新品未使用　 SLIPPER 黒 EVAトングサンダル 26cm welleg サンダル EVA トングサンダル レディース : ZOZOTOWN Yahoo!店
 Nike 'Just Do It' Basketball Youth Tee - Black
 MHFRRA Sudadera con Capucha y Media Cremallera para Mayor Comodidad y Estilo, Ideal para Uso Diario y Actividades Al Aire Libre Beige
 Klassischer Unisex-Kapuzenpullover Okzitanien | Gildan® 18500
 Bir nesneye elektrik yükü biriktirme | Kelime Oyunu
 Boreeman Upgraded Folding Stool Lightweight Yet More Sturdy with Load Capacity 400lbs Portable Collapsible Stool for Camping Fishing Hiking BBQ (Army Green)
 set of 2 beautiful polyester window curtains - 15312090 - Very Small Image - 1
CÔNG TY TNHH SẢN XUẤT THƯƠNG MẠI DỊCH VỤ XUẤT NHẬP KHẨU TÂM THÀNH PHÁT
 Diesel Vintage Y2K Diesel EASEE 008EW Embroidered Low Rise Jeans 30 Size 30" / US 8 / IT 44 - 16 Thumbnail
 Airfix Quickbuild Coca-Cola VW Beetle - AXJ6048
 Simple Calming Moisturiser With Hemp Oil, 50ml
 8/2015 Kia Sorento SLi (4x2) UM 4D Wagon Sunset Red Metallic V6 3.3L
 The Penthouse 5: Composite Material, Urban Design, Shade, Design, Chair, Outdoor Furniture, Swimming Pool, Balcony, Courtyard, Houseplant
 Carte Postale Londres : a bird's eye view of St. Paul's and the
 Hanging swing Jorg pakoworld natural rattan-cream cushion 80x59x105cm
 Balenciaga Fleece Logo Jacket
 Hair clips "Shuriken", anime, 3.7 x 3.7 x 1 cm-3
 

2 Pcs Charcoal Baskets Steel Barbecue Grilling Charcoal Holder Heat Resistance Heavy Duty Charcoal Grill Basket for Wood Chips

::::

* Required work
In the listing above, find the line with "Boreeman Upgraded Folding" and the line with "Balenciaga Fleece Logo Jacket"; output exactly those lines and all lines between them.

* Solved exercise
 Boreeman Upgraded Folding Stool Lightweight Yet More Sturdy with Load Capacity 400lbs Portable Collapsible Stool for Camping Fishing Hiking BBQ (Army Green)
 set of 2 beautiful polyester window curtains - 15312090 - Very Small Image - 1
CÔNG TY TNHH SẢN XUẤT THƯƠNG MẠI DỊCH VỤ XUẤT NHẬP KHẨU TÂM THÀNH PHÁT
 Diesel Vintage Y2K Diesel EASEE 008EW Embroidered Low Rise Jeans 30 Size 30" / US 8 / IT 44 - 16 Thumbnail
 Airfix Quickbuild Coca-Cola VW Beetle - AXJ6048
 Simple Calming Moisturiser With Hemp Oil, 50ml
 8/2015 Kia Sorento SLi (4x2) UM 4D Wagon Sunset Red Metallic V6 3.3L
 The Penthouse 5: Composite Material, Urban Design, Shade, Design, Chair, Outdoor Furniture, Swimming Pool, Balcony, Courtyard, Houseplant
 Carte Postale Londres : a bird's eye view of St. Paul's and the
 Hanging swing Jorg pakoworld natural rattan-cream cushion 80x59x105cm
 Balenciaga Fleece Logo Jacket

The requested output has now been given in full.